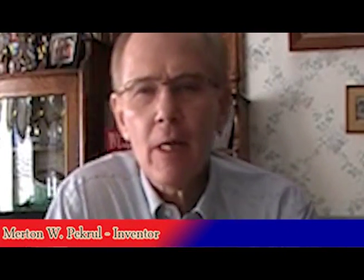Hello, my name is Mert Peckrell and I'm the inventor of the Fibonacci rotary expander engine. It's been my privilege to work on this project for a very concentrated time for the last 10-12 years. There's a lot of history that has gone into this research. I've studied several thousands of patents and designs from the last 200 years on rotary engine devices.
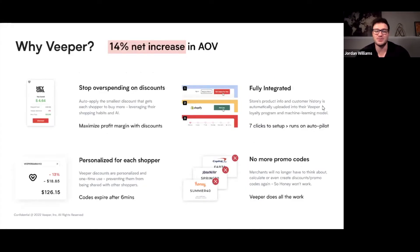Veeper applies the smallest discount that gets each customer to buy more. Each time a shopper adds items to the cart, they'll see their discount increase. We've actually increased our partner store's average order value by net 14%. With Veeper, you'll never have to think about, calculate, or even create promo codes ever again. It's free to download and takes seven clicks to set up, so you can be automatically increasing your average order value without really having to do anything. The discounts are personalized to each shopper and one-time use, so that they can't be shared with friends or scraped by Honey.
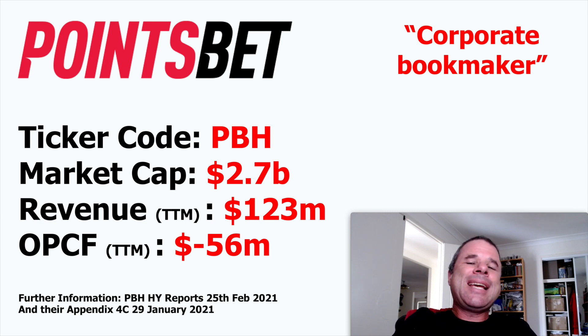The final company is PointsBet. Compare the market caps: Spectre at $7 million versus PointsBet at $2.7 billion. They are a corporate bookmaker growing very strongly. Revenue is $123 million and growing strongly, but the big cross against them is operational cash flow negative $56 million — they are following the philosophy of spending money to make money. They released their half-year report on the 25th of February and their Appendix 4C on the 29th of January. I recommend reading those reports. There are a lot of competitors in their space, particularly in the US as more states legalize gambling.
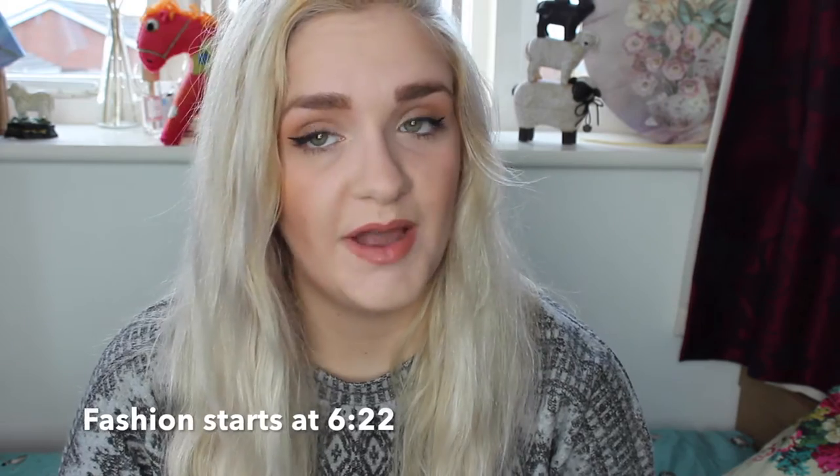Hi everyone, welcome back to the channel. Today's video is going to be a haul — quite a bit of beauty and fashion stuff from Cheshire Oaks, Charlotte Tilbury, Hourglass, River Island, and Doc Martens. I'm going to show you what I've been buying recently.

#####

◆ Work instructions
Print nothing except the lines above from the one containing "Veeper applies the" down to the one containing "The final company", both included, exactly as written and free of pictures.

◆ Response below
Veeper applies the smallest discount that gets each customer to buy more. Each time a shopper adds items to the cart, they'll see their discount increase. We've actually increased our partner store's average order value by net 14%. With Veeper, you'll never have to think about, calculate, or even create promo codes ever again. It's free to download and takes seven clicks to set up, so you can be automatically increasing your average order value without really having to do anything. The discounts are personalized to each shopper and one-time use, so that they can't be shared with friends or scraped by Honey.
The final company is PointsBet. Compare the market caps: Spectre at $7 million versus PointsBet at $2.7 billion. They are a corporate bookmaker growing very strongly. Revenue is $123 million and growing strongly, but the big cross against them is operational cash flow negative $56 million — they are following the philosophy of spending money to make money. They released their half-year report on the 25th of February and their Appendix 4C on the 29th of January. I recommend reading those reports. There are a lot of competitors in their space, particularly in the US as more states legalize gambling.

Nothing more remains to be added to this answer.